• **What needs to be done**
Please give the entries again in full and exactly, without any picture.

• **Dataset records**
▽

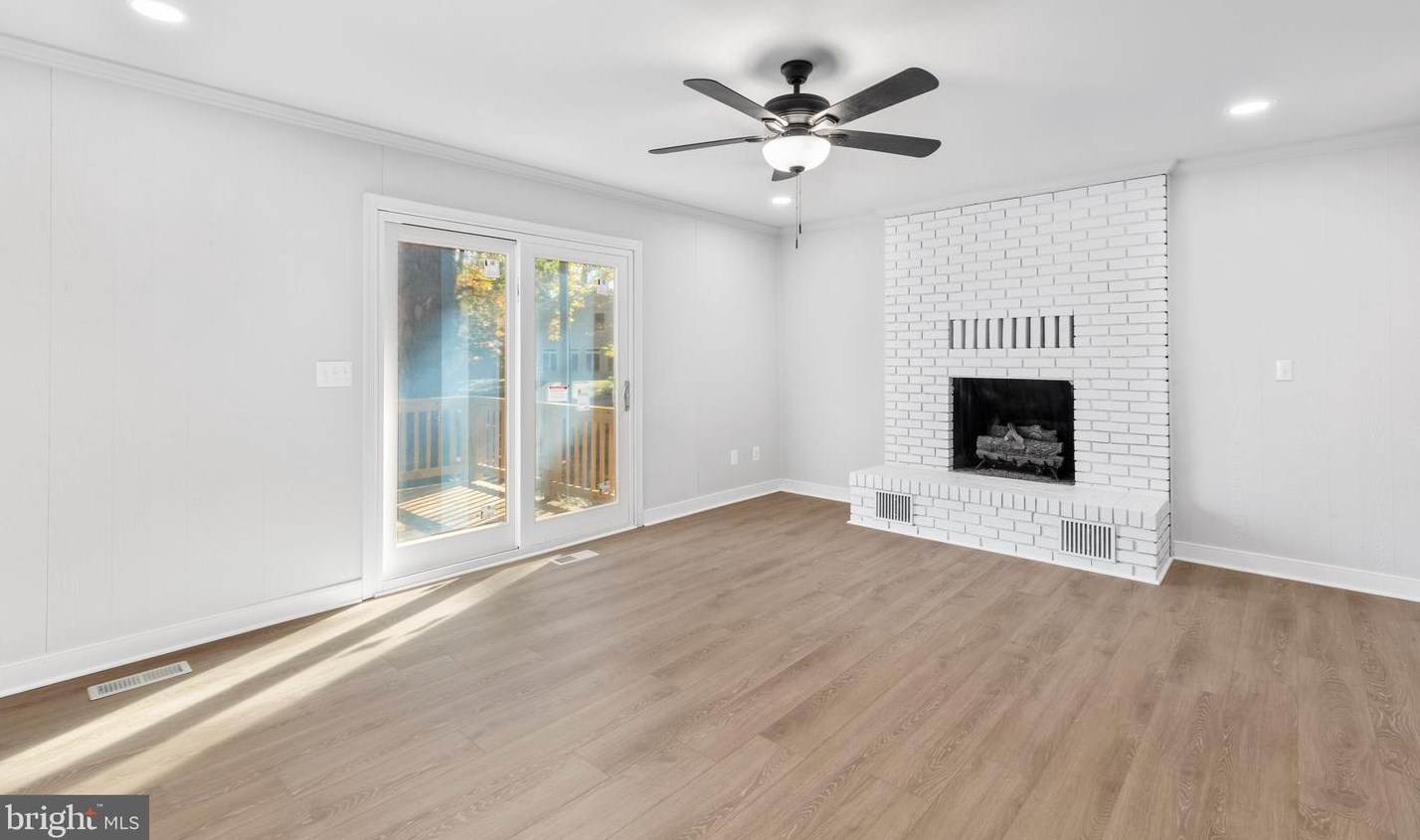 700 Winterberry Dr, Fredericksburg VA  22405-2056 exterior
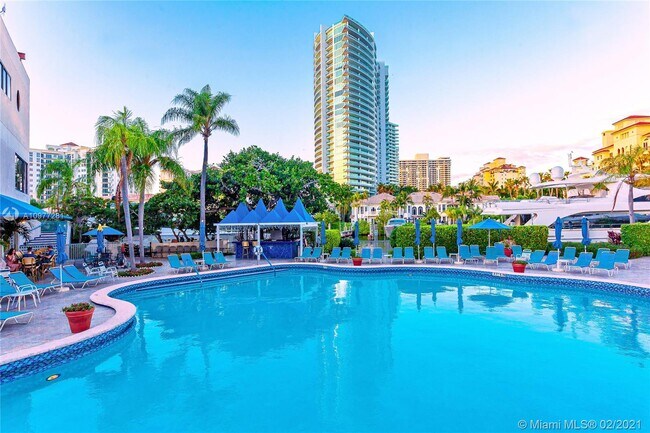 Foto del edificio - 19707 Turnberry Way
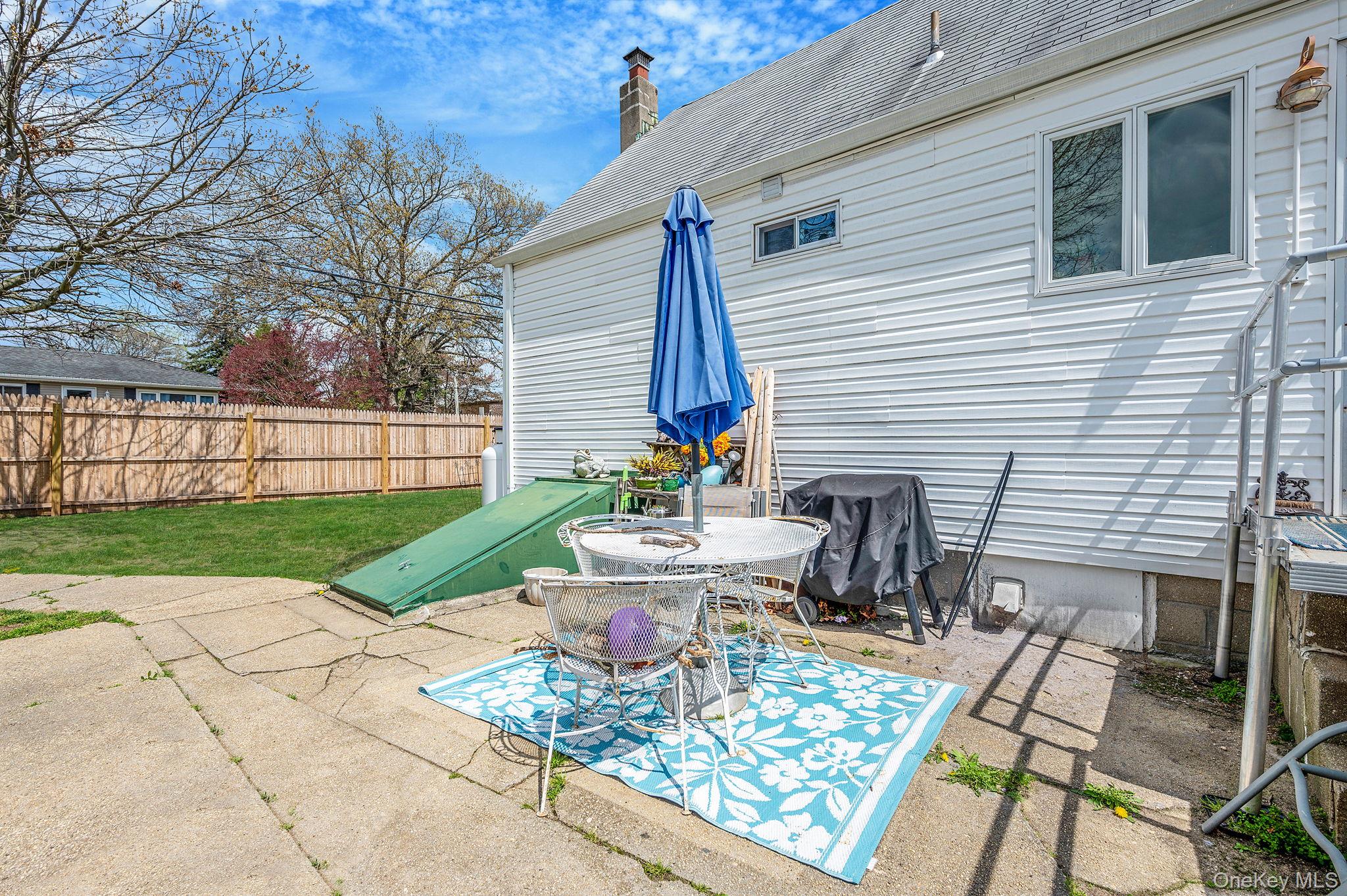 130 Lafayette Road Property Photo 25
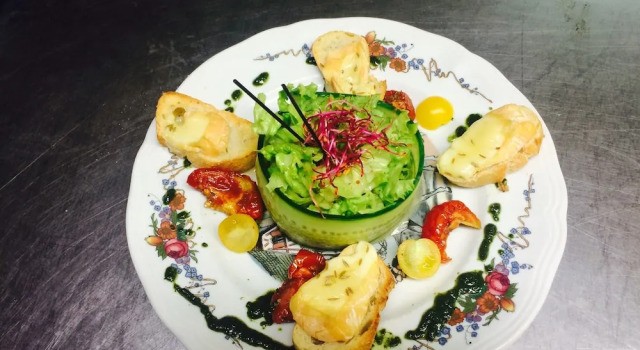 Номер Comfort Hôtel Restaurant Aux Deux Roses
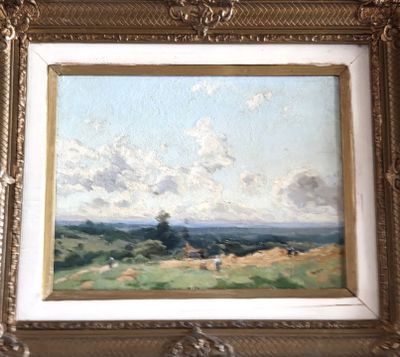 une peinture à l'huile représentant un paysage, dans un cadre doré, accrochée au mur
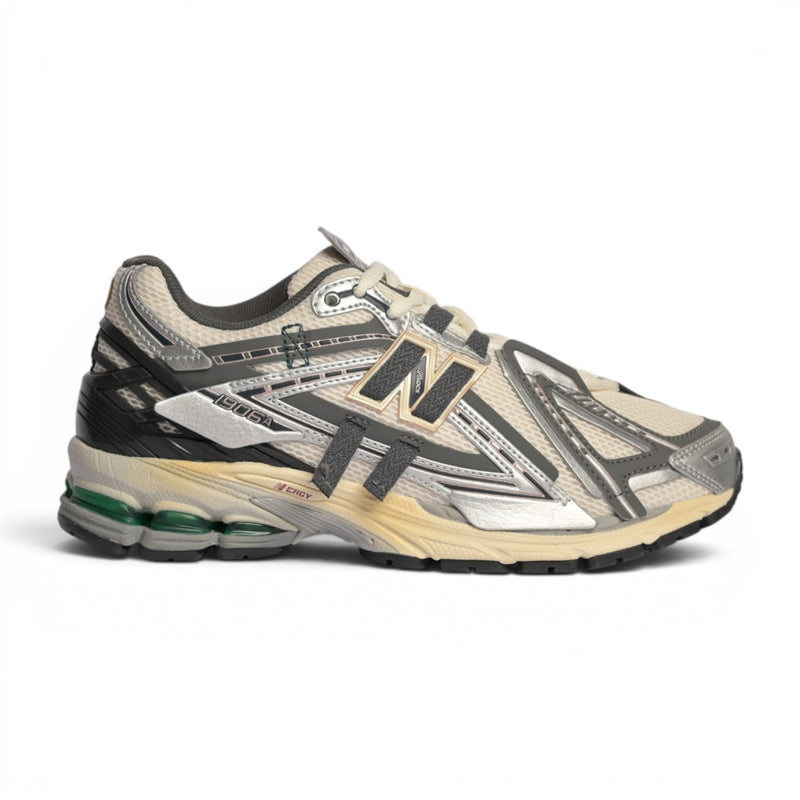New Balance 1906R White / Silver / Black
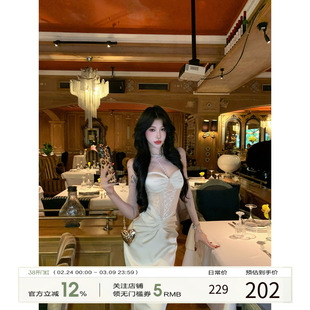 牛了牛了 法式吊带连衣裙女2025冬季蕾丝拼接礼服裙包臀长裙裙子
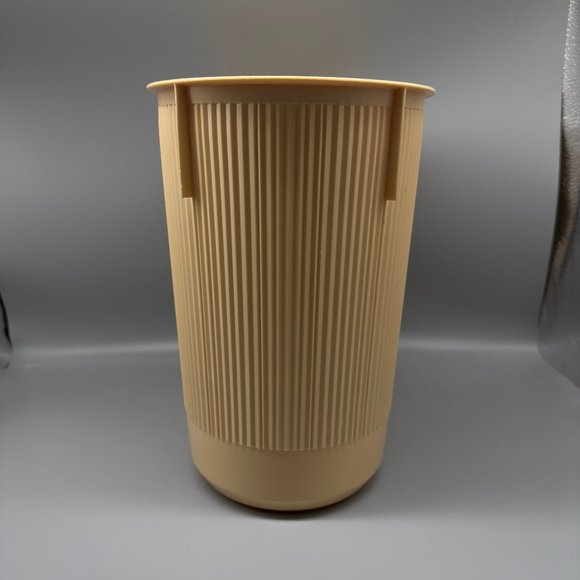 Vintage Rubbermaid trash bin in Dark Almond - Picture 3 of 6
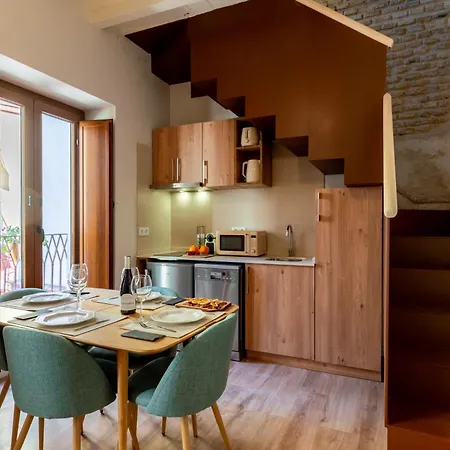 O&l Casa Barrabas * إشبيلية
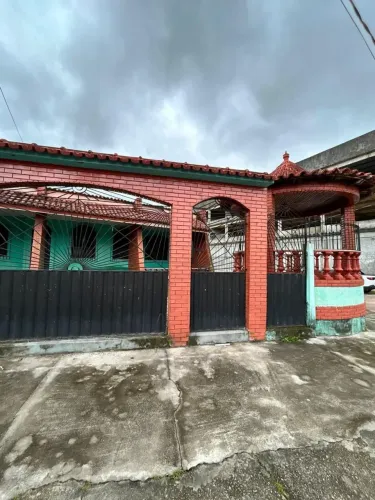 Casa ampla com perfil comercial para locação em Mosqueiro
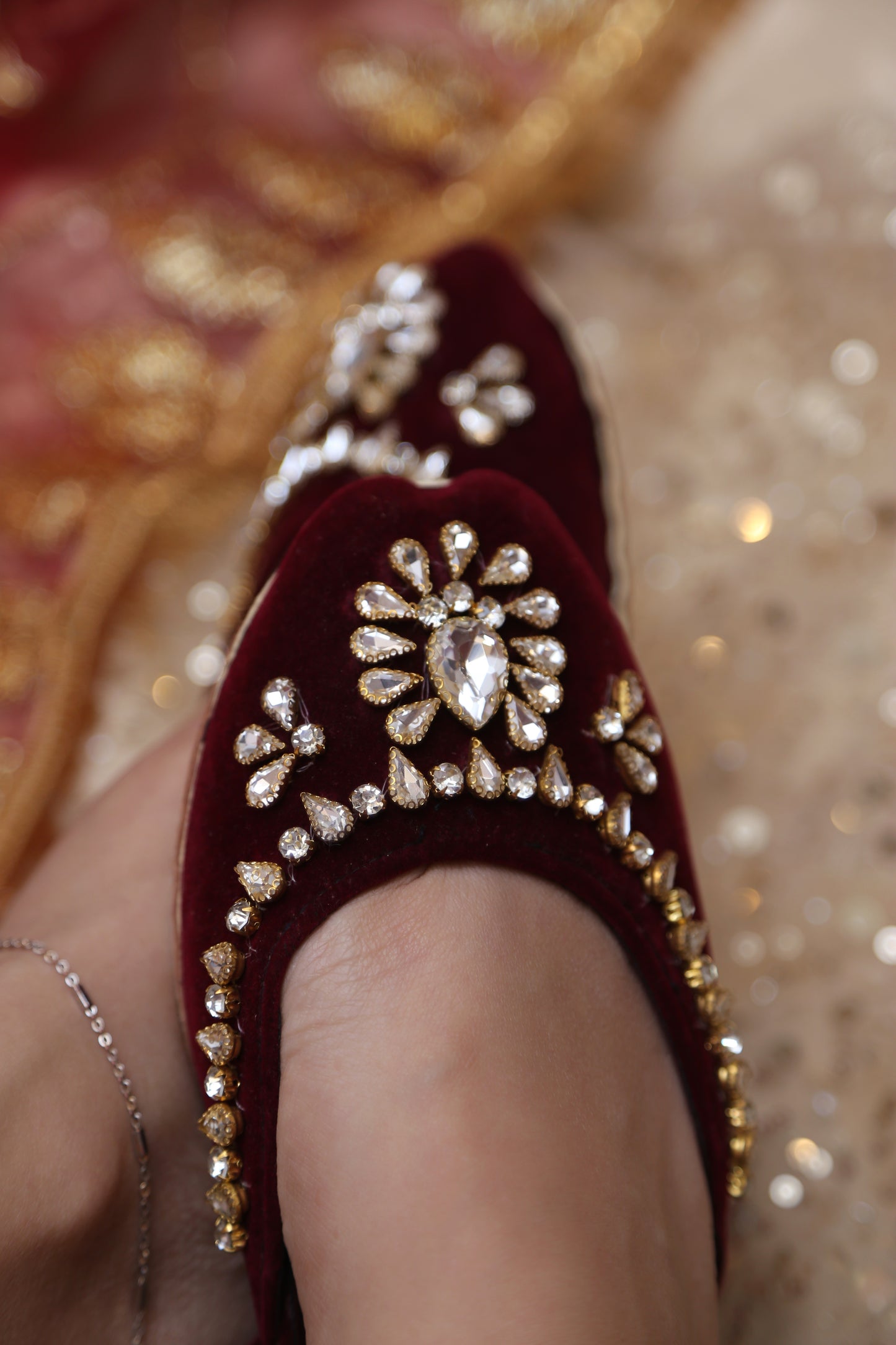 Absaara (Maroon)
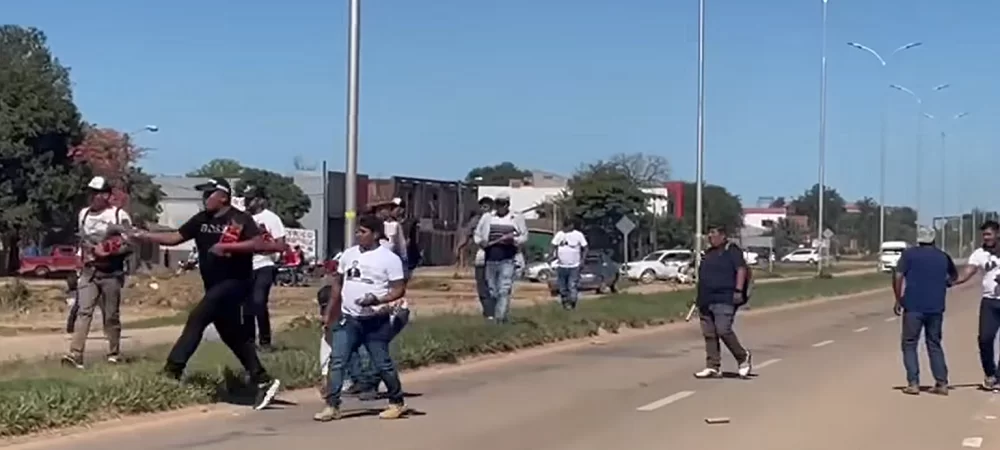 ‘Evistas’ y ‘androniquistas’ se trenzan a golpes en San Julián cuando se aprestaban a sus actos políticos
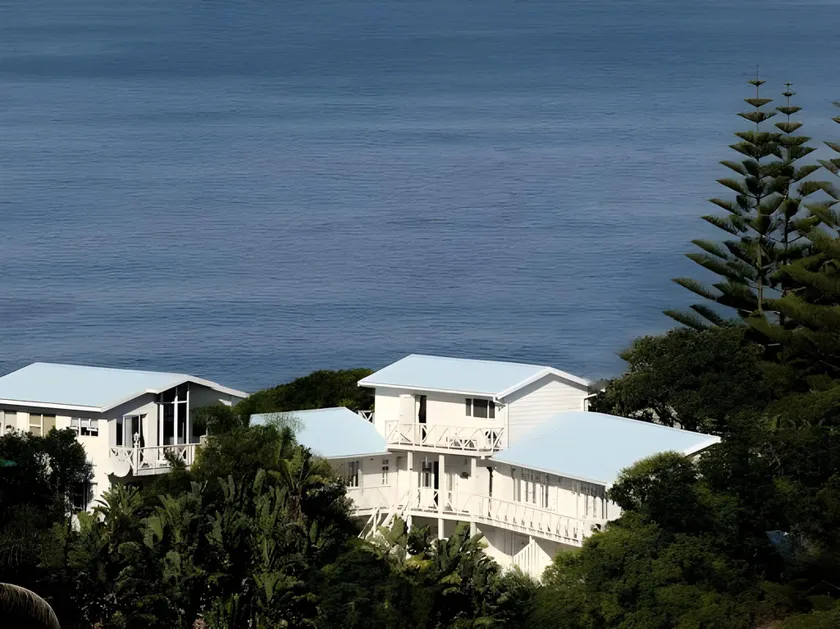 Brenton Beach House - Image 1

△

• **Answer to this problem**
 700 Winterberry Dr, Fredericksburg VA  22405-2056 exterior
 Foto del edificio - 19707 Turnberry Way
 130 Lafayette Road Property Photo 25
 Номер Comfort Hôtel Restaurant Aux Deux Roses
 une peinture à l'huile représentant un paysage, dans un cadre doré, accrochée au mur
New Balance 1906R White / Silver / Black
 牛了牛了 法式吊带连衣裙女2025冬季蕾丝拼接礼服裙包臀长裙裙子
 Vintage Rubbermaid trash bin in Dark Almond - Picture 3 of 6
 O&l Casa Barrabas * إشبيلية
 Casa ampla com perfil comercial para locação em Mosqueiro
 Absaara (Maroon)
 ‘Evistas’ y ‘androniquistas’ se trenzan a golpes en San Julián cuando se aprestaban a sus actos políticos
 Brenton Beach House - Image 1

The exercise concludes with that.